Information/Write-up

The stupidest preachment in popular culture: "Punk is dead."
The second stupidest preachment in popular culture: "Punk lives."

John Samson is a couple records deep into his career as strongest of the Weakerthans, a band who are punk politically, but emphatically pop aesthetically. Regardless, the "punk: dead or alive?" quandary will likely dog him forever. Samson played bass in Propagandhi who were either lame-o peace-punk latecomers or brilliant protest rock of the first order, depending on your position along several endlessly complicated cultural and personal axes. If you're inclined to call "Nailing Descartes to the Wall/(Liquid) Meat is Still Murder" a great idea for a song title, you probably love the Props, but it's just as likely you prefer to get your politics explained and/or affirmed by people other than rock bands, in which case Propaghandi may well have grated on your nerves. In either case, Propaghandi may have answered the "alive or dead" question, but it's impossible to say uniformly which answer they indicated.

Samson, who writes, sings and plays a host of instruments in the Weakerthans, seems to have shed most of his previous band's preachy trappings, as well as their punky ones. Cynical wags might like to call the Weakerthans emo, since Left and Leaving is ass-deep in ballads about "the outstanding bills of my heart." But, despite a critic's deepest categorical longings, the tag doesn't exactly fit. Where emo emphasizes baroque song structures and wall-of-sound dynamics, Samson and company produce what often sounds like de-fanged pop-punk. All midtempo rhythms and three-note hooks, Left and Leaving is unwilling to give up the mohawked ghost. Emoizers like to talk a lot of game about elevating or artifying punk rock, but the Weakerthans are more preoccupied with using the form's greatest strengths. Even the weirdest stuff here speaks with gut-level urgency.

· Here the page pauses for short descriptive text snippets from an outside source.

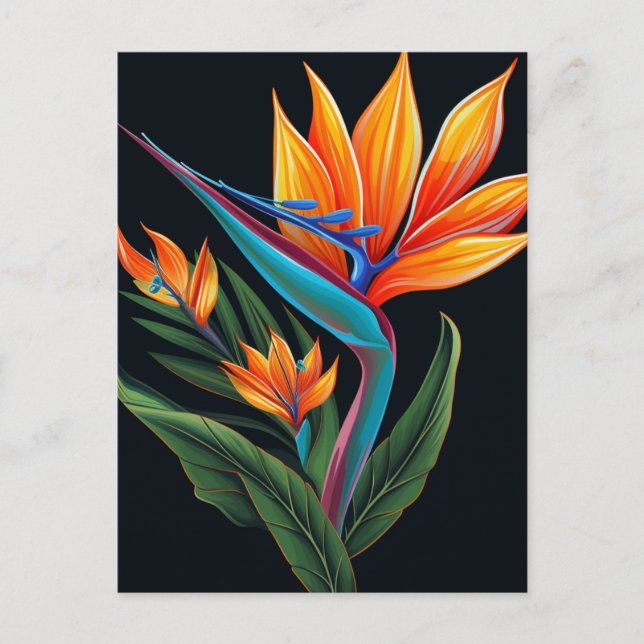 FLORAL ART # 11 Gift Box Postcard (Front)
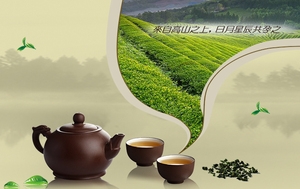 茶文化背景
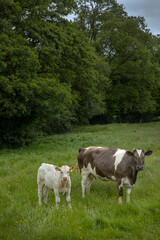 Fototapeta na wymiar Calf and Cow in meadow. Wales, england, UK, united kingdom. 
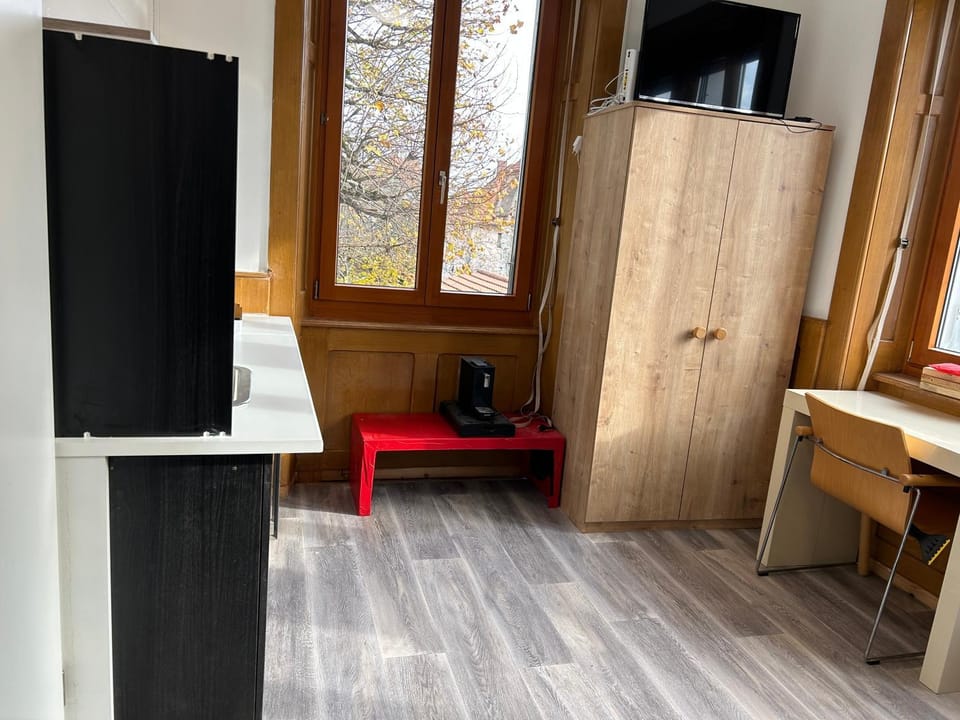 Studio Apartment in Canton of Bern (Region)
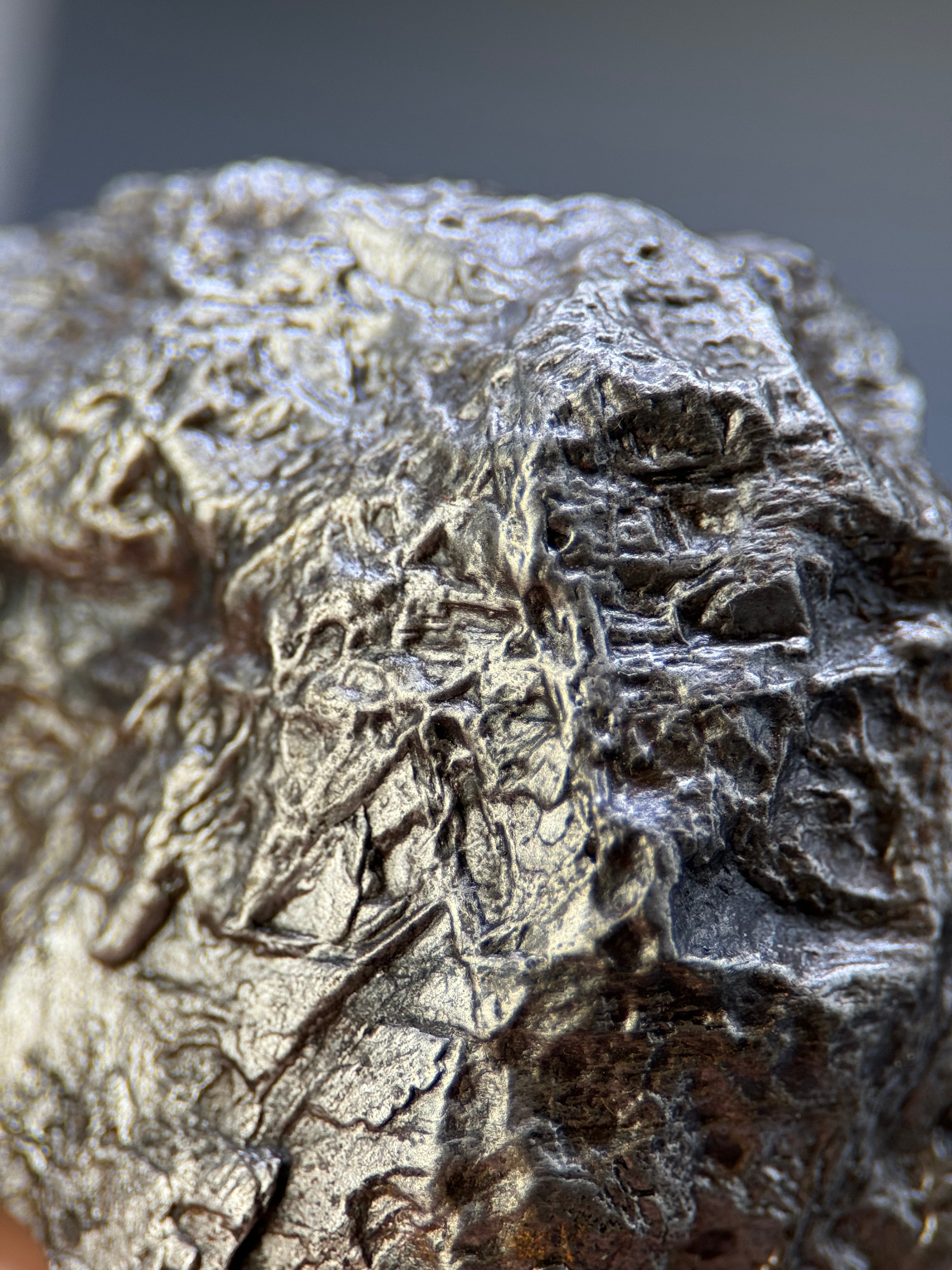 MUONIONALUSTA METEORITE, SWEDEN. 213 GRAMS END-CUT.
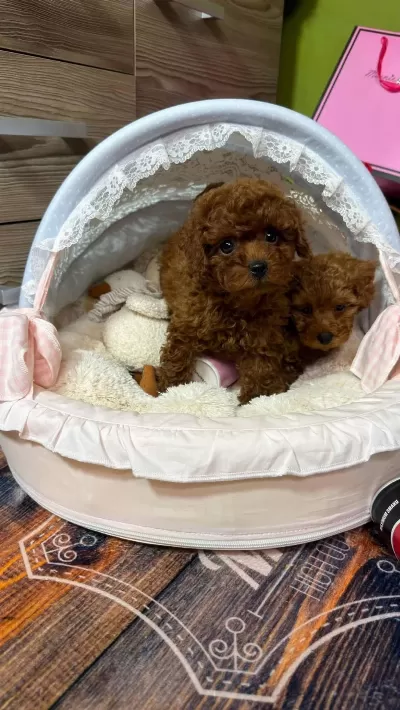 Ruhsatli Köpek Çiftliğinden Toy Poodle Yavrularimiz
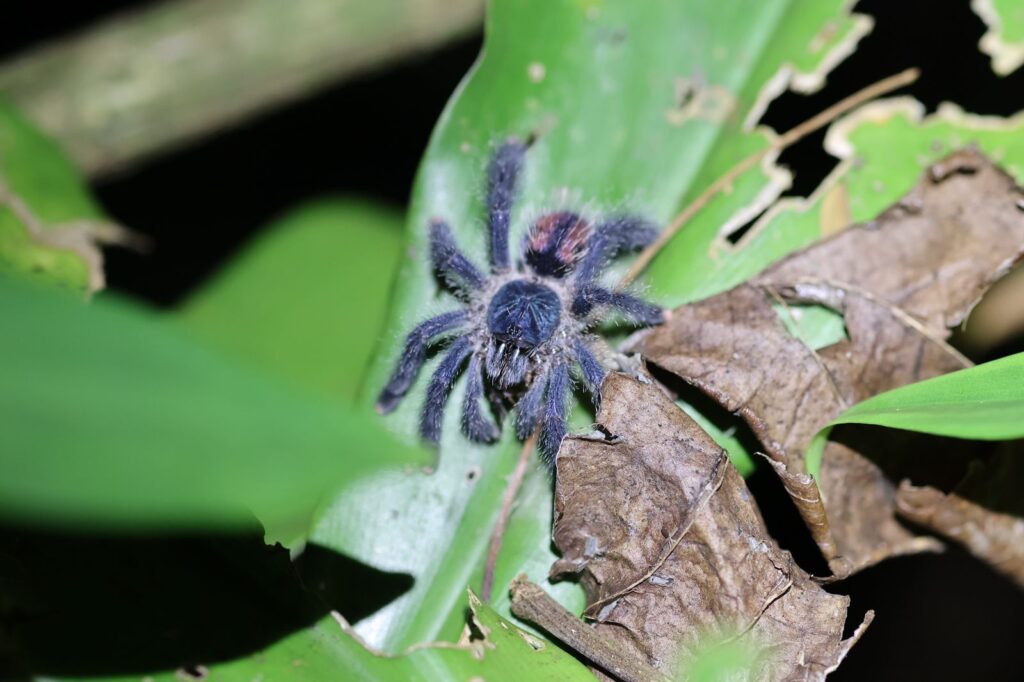 Pinktoe Tarantula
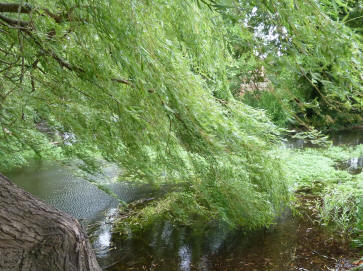 Wind in willow trees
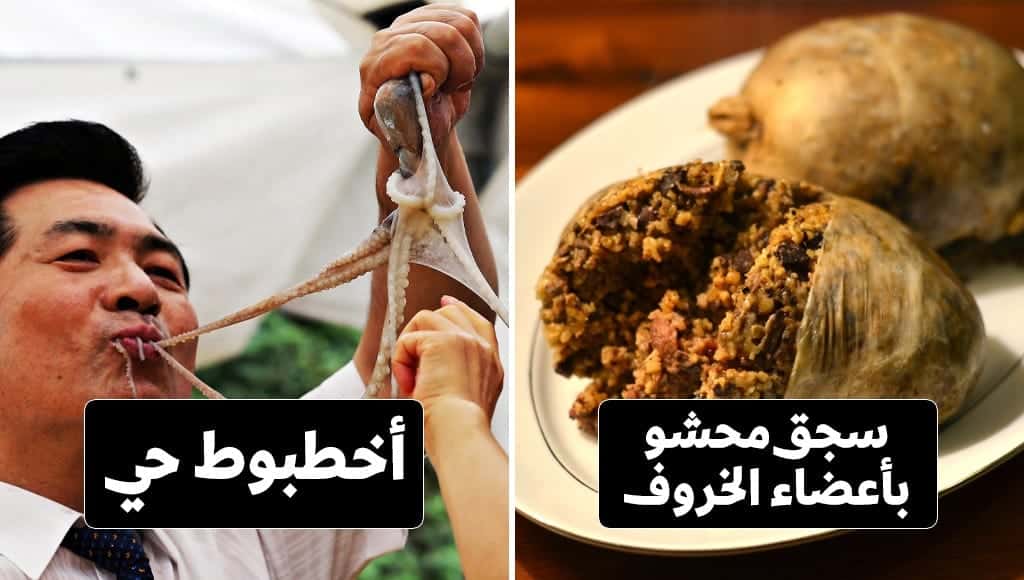 تعرّف على أغرب أنواع الأطباق الشعبية حول العالم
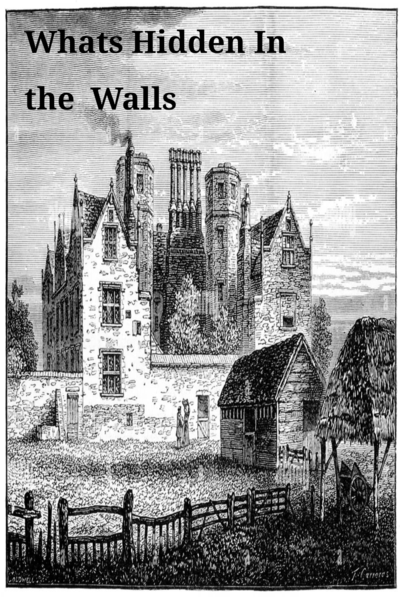 Whats Hidden In the Walls 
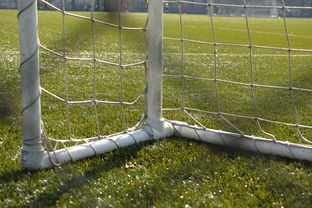 爱游戏品牌互动-中国足球门将扑救区域热图，中国足球门将最差吗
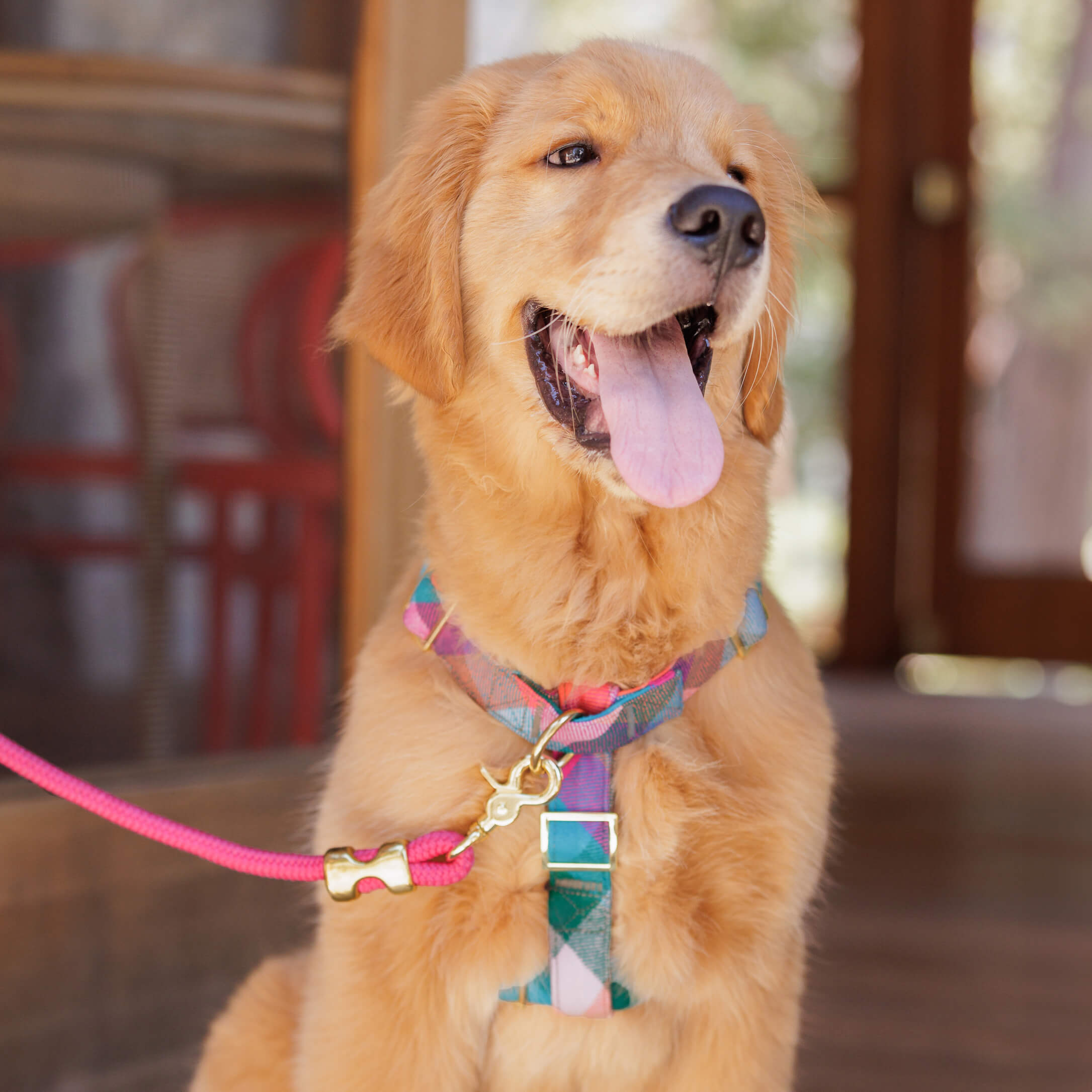 Hot Pink Marine Rope Dog Leash – The Foggy Dog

Though the band's work so far does bespeak boredom with punk's formal constraints, the Weakerthans don't experiment for the sake of experimentation alone, which is both their saving grace and greatest flaw. Thankfully, none of the arrangements on the album seem motivated by the need to prove that Samson is a savvy, sophisticated guy after all (even on the one that starts out kinda sounding like Cat Power), but that contentedness with middling ambition can make the record sort of a trudge to sit through. Without ideas oozing from every pore, Left and Leaving remains a well-executed, acceptably anthemic rock record with its share of hooks and pleasantries. And unless a listener is positively convinced they don't have enough of those, it's not quite worth endless spinning.

Left and Leaving isn't a new world to visit and explore; it's a postcard from a friend on vacation. Which is why it might be worth it to put the question to Samson and his distinguished panel whether punk survives into the present day. The Weakerthans seem to imply it's somewhere in between. Punk remains a frustratingly limited genre, but from its calcifying rules and orders, people are crafting oddball pleasures like this one. Whether punk is dead, alive and well, or not yet born doesn't really matter here. You can take your pick. Just throw it a wake, a birthday party or a baby shower. And whatever you do, sing along.